(Source material Opens)
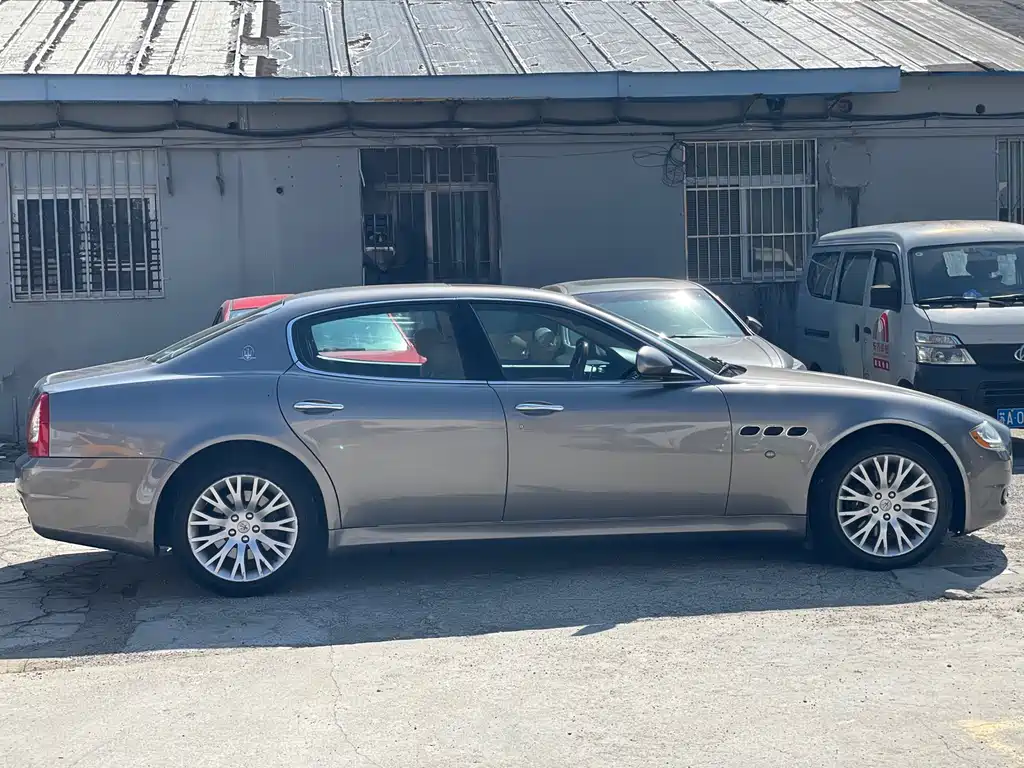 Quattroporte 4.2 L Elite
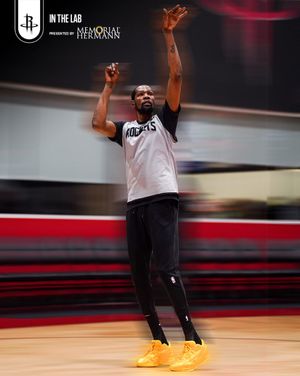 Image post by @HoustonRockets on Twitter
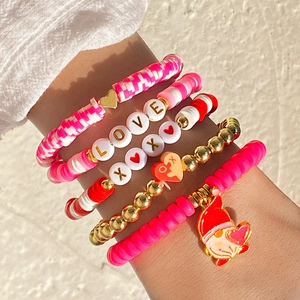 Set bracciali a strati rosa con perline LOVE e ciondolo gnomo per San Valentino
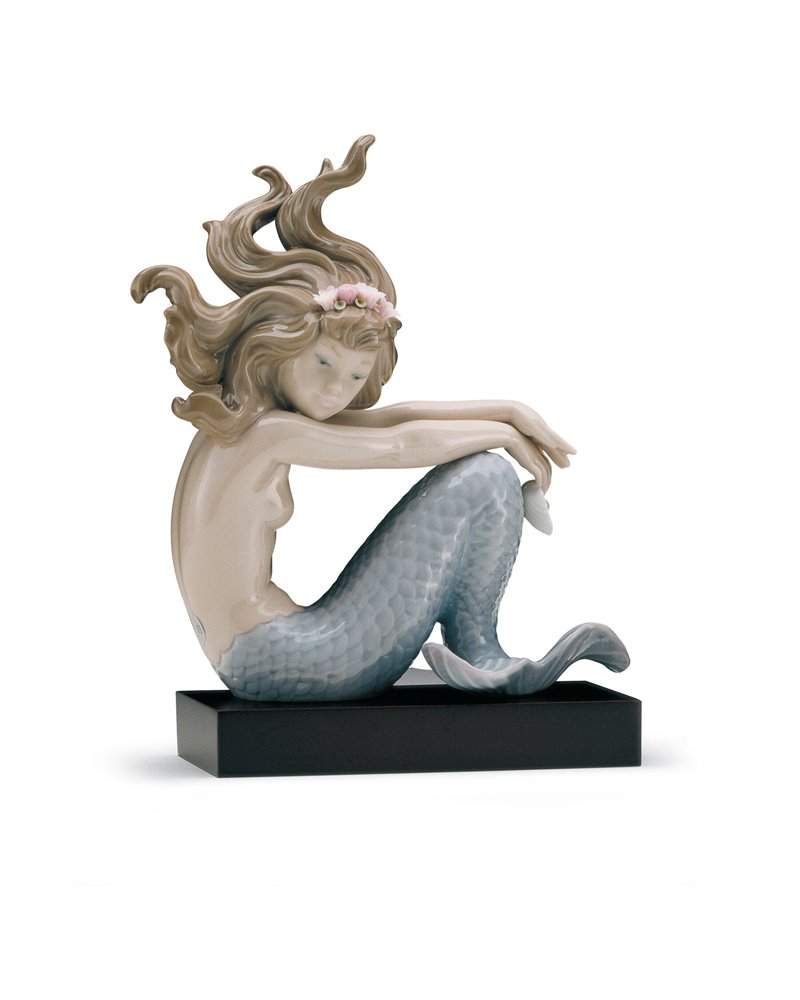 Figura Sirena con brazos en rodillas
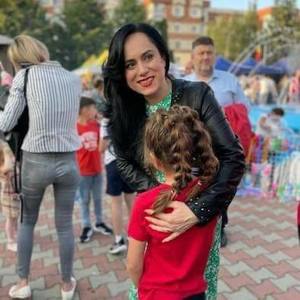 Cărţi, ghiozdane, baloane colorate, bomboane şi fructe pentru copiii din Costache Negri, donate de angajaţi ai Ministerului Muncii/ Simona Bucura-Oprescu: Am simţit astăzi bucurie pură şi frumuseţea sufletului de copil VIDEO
(Source material Closes)
_What is being asked_
Write each line exactly as it appears, from the line that holds "Figura Sirena con brazos en rodillas" through the closing line of the data above, and leave every picture out.

_Exercise result_
 Figura Sirena con brazos en rodillas
 Cărţi, ghiozdane, baloane colorate, bomboane şi fructe pentru copiii din Costache Negri, donate de angajaţi ai Ministerului Muncii/ Simona Bucura-Oprescu: Am simţit astăzi bucurie pură şi frumuseţea sufletului de copil VIDEO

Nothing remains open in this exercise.